Keywords:

1 Introduction

There has been renewed interest in the study of the pancreas in type 1 diabetes including detailed descriptions of the cells constituting insulitis [1, 2] as well as studies aimed at detecting evidence of viral infection [3, 4], inflammatory mediators [5], and beta cell stress [6]. Such studies have increasingly been enabled by access to high quality autopsy pancreas tissues through the Network of Donors (nPOD; http://www.jdrfnpod.org/). One requirement is the recovery of high quality DNA from individual cells for further DNA investigation, for instance confirmation that a cell, or cells, in a transplanted pancreas originates from the recipient (chimerism) [7] or mother (maternal microchimerism) [8, 9]. We have developed a technique to isolate individual cells from frozen human pancreas for downstream DNA analysis. The DNA test used here generated a profile of 16 polymorphic loci and one sex determining locus [10, 11] but any robust DNA test could be used for DNA analysis, for instance viral DNA tests.

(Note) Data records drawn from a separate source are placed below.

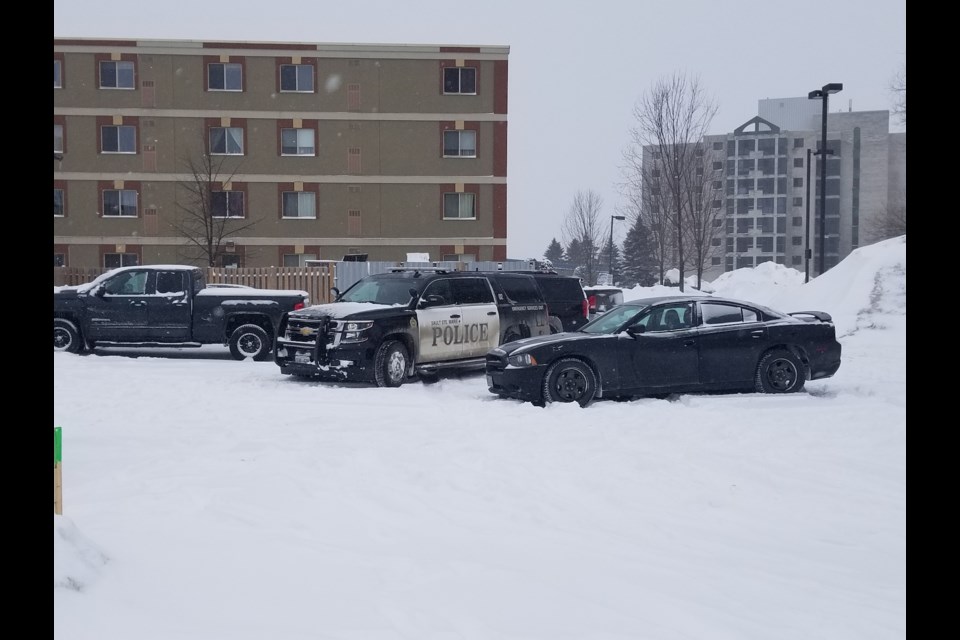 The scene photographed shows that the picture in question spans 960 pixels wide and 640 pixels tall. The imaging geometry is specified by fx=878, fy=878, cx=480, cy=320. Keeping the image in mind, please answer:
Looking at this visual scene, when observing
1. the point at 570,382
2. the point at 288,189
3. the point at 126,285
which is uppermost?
the point at 288,189

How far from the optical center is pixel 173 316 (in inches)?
714

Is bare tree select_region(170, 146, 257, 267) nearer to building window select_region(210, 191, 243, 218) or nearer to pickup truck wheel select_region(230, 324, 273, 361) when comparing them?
building window select_region(210, 191, 243, 218)

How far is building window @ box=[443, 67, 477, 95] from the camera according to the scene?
40.2 metres

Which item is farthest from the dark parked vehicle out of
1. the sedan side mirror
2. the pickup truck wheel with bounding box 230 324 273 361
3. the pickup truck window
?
the pickup truck window

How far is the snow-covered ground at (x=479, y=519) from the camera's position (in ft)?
14.8

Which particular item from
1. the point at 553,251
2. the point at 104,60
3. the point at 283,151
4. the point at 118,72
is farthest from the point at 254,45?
the point at 553,251

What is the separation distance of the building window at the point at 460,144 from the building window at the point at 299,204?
21.4 ft

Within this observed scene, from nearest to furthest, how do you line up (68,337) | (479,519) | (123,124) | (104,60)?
1. (479,519)
2. (68,337)
3. (104,60)
4. (123,124)

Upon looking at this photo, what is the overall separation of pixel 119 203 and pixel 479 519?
3827 cm

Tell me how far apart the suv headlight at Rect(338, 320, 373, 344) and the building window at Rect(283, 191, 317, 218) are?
27.4 m

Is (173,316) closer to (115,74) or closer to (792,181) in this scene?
(115,74) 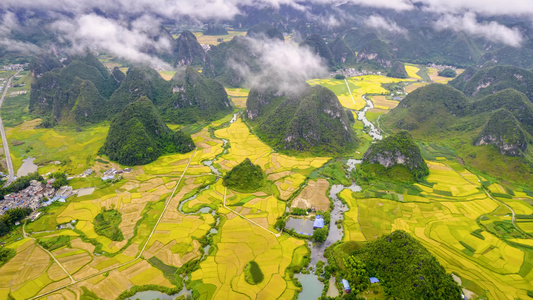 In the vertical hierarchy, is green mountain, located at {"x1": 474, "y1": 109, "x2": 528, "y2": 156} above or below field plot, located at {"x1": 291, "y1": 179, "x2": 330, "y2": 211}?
above

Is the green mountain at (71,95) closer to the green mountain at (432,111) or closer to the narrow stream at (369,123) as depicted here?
the narrow stream at (369,123)

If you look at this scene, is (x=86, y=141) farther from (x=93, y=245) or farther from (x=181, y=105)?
(x=93, y=245)

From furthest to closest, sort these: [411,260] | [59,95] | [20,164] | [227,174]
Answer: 1. [59,95]
2. [20,164]
3. [227,174]
4. [411,260]

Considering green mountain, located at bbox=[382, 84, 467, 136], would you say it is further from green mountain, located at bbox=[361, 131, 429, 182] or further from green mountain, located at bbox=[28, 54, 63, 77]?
green mountain, located at bbox=[28, 54, 63, 77]

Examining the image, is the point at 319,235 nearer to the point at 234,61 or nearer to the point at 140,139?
the point at 140,139

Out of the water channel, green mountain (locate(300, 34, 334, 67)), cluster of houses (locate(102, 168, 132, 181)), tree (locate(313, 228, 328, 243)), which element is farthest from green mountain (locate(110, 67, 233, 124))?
green mountain (locate(300, 34, 334, 67))

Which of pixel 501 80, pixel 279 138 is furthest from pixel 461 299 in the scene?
pixel 501 80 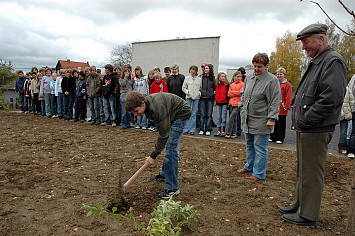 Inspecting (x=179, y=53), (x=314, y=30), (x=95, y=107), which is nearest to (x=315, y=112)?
(x=314, y=30)

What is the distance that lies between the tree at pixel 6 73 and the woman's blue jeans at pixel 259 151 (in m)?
29.8

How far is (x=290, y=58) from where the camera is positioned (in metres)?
35.4

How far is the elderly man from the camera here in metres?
2.72

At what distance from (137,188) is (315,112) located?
2678 millimetres

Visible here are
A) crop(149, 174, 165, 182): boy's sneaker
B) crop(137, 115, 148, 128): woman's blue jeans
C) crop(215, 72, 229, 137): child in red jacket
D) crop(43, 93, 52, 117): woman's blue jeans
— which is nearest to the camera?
crop(149, 174, 165, 182): boy's sneaker

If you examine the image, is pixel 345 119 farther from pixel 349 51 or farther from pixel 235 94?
pixel 349 51

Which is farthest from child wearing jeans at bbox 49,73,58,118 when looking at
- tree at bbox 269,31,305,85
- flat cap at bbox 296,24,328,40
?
tree at bbox 269,31,305,85

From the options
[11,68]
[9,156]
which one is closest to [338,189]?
[9,156]

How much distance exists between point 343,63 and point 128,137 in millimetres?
6215

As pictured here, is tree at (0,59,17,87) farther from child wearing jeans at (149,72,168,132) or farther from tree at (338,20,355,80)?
tree at (338,20,355,80)

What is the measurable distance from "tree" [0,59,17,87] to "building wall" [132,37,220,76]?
14.1m

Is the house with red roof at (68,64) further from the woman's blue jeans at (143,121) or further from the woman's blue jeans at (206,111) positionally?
the woman's blue jeans at (206,111)

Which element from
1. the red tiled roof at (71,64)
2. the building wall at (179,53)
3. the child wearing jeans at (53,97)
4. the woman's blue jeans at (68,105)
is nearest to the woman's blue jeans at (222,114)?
the woman's blue jeans at (68,105)

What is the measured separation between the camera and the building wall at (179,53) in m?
19.2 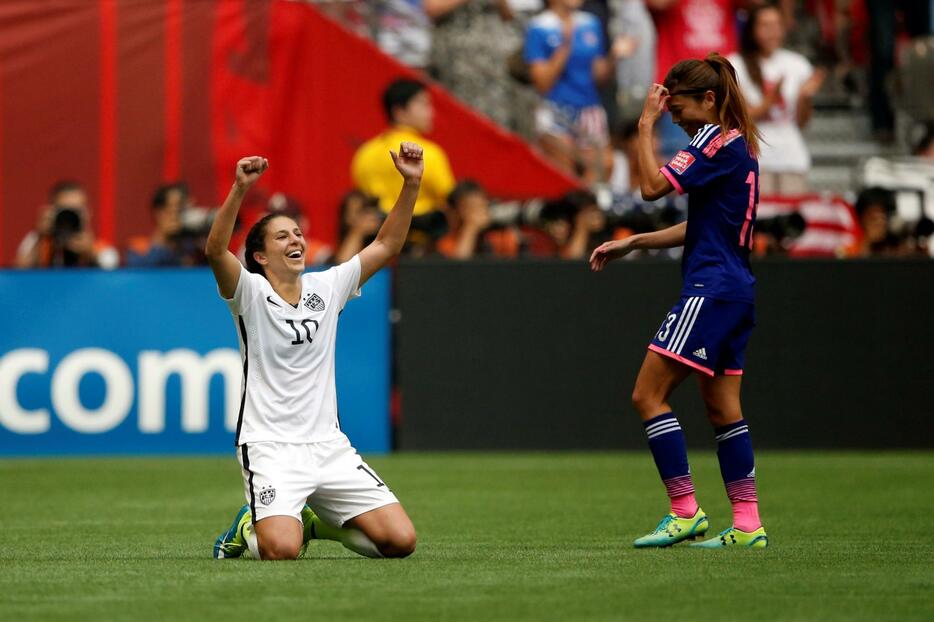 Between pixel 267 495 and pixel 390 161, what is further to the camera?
pixel 390 161

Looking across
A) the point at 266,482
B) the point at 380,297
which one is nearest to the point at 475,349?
the point at 380,297

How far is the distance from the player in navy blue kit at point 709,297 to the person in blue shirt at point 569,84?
9197mm

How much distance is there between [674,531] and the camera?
24.0ft

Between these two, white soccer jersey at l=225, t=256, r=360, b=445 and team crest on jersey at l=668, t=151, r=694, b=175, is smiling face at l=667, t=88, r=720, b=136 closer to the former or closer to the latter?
team crest on jersey at l=668, t=151, r=694, b=175

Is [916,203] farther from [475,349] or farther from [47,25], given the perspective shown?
[47,25]

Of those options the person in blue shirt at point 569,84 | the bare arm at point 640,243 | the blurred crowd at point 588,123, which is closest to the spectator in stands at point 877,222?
the blurred crowd at point 588,123

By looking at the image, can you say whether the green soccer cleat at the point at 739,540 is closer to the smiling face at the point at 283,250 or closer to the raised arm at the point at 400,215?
the raised arm at the point at 400,215

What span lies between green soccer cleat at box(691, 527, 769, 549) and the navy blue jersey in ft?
3.37

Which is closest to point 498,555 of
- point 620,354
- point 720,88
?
point 720,88

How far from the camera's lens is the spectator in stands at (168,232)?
13867 mm

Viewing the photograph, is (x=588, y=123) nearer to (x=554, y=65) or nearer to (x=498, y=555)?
(x=554, y=65)

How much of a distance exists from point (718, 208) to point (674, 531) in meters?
1.43

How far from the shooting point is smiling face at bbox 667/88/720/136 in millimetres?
7379

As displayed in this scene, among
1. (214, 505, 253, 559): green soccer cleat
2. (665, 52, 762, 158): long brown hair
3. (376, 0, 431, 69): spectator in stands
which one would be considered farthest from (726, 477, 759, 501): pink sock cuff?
(376, 0, 431, 69): spectator in stands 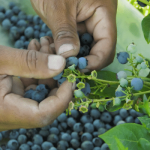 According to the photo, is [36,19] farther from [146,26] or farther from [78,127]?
[146,26]

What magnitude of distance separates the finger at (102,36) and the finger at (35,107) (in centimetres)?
12

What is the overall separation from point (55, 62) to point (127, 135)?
0.87 ft

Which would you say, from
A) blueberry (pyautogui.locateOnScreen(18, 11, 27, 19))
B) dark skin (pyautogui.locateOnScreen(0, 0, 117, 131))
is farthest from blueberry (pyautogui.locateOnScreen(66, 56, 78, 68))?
blueberry (pyautogui.locateOnScreen(18, 11, 27, 19))

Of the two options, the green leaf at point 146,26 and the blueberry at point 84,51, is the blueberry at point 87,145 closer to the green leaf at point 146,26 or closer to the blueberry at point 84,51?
the blueberry at point 84,51

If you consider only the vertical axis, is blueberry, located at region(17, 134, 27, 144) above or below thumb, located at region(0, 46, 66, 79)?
below

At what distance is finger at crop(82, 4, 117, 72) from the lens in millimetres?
773

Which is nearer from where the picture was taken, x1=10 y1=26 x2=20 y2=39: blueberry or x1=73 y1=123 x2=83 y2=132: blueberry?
x1=73 y1=123 x2=83 y2=132: blueberry

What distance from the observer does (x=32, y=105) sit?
0.68 m

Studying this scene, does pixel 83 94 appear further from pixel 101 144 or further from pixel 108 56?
pixel 101 144

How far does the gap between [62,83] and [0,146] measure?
613 mm

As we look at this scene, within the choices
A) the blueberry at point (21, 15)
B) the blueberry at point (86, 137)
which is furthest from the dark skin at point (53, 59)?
the blueberry at point (21, 15)

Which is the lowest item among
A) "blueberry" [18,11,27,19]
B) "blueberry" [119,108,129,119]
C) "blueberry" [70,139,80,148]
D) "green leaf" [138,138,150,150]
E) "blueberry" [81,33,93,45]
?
"blueberry" [70,139,80,148]

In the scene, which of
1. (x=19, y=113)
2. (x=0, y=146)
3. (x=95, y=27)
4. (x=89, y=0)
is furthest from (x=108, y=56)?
(x=0, y=146)

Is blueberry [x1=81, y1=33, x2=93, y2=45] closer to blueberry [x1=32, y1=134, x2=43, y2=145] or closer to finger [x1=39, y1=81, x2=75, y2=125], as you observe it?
finger [x1=39, y1=81, x2=75, y2=125] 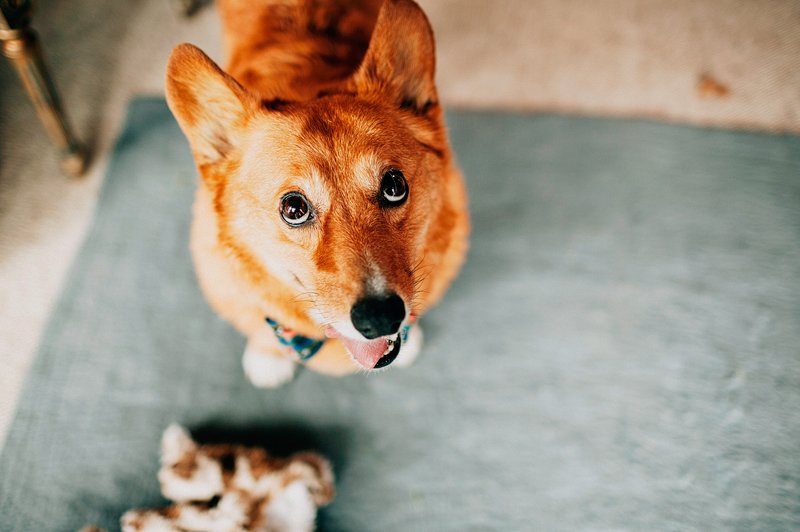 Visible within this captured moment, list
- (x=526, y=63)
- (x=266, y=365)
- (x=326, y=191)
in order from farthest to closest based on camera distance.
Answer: (x=526, y=63), (x=266, y=365), (x=326, y=191)

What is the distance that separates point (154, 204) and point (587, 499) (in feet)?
6.63

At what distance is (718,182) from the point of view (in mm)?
2186

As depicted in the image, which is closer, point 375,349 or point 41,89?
point 375,349

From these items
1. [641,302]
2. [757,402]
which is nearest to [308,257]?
[641,302]

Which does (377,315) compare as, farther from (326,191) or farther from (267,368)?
(267,368)

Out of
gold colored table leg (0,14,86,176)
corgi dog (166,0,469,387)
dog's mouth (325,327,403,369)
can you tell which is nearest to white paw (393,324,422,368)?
corgi dog (166,0,469,387)

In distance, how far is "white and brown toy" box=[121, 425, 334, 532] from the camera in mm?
1490

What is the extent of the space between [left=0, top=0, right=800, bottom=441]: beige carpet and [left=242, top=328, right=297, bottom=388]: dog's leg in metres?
0.97

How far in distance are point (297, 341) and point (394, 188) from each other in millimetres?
548

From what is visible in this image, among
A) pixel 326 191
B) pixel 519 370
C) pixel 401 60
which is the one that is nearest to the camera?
pixel 326 191

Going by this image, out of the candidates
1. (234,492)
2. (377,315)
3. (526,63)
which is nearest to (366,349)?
(377,315)

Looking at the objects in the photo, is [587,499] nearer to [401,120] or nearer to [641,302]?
[641,302]

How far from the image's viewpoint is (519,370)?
187 centimetres

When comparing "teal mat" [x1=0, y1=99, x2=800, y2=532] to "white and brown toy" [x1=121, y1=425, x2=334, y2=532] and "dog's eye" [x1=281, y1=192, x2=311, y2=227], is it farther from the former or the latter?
"dog's eye" [x1=281, y1=192, x2=311, y2=227] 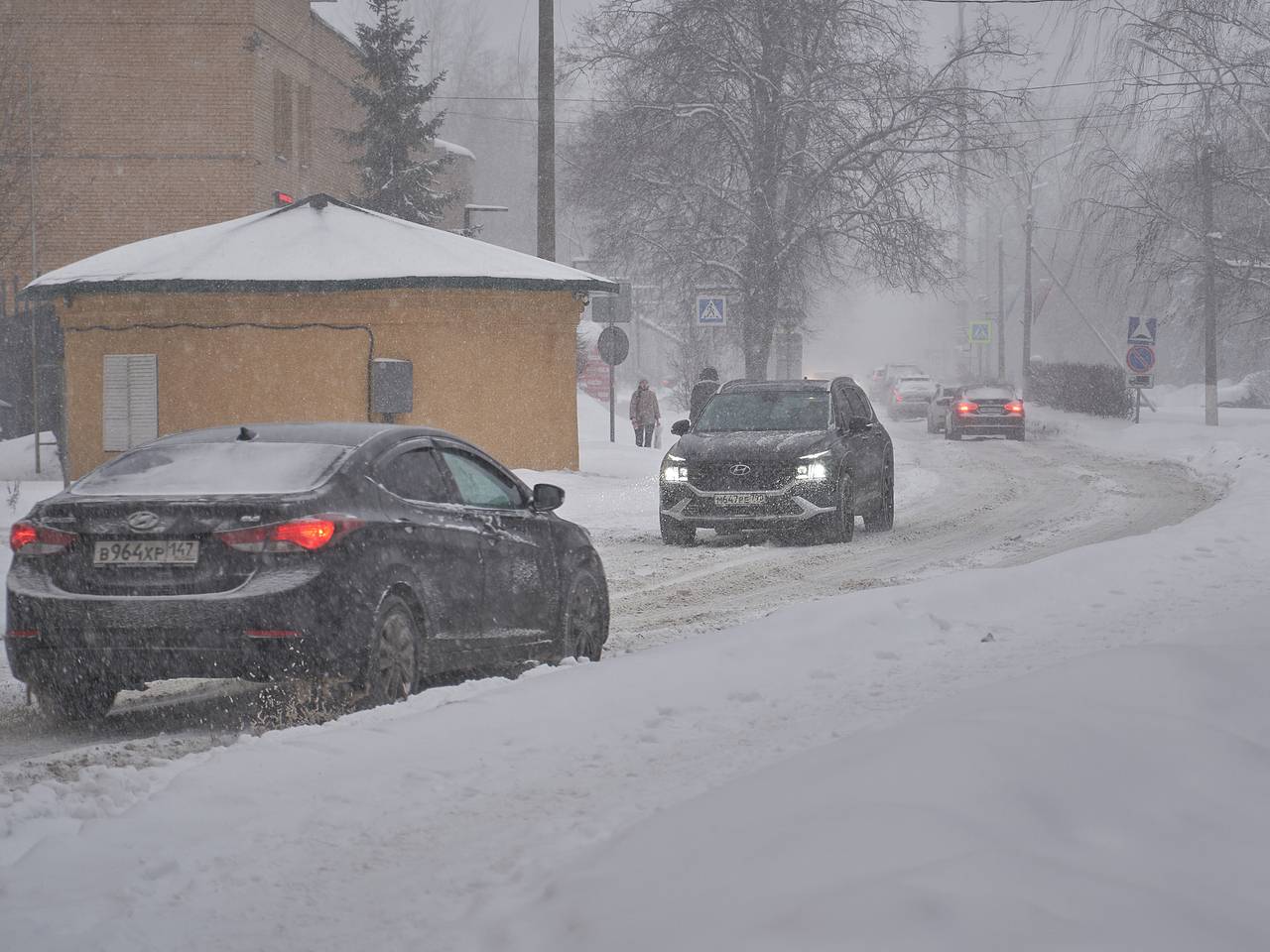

A note of caution; our experiments to date showed that the protocol described here does not work optimally on

  1. 1.

    Formalin fixed paraffin embedded tissue: this is possibly because formalin irreversibly cross-links proteins via the amino groups to preserve the structural integrity of the cells. Isolation of nucleic acids is however impaired by both the paraffin wax and the cross-linking process.

  2. 2.

    Tissue that has been pretested using fluorescence in situ hybridization (FISH) to stain specific DNA sequences.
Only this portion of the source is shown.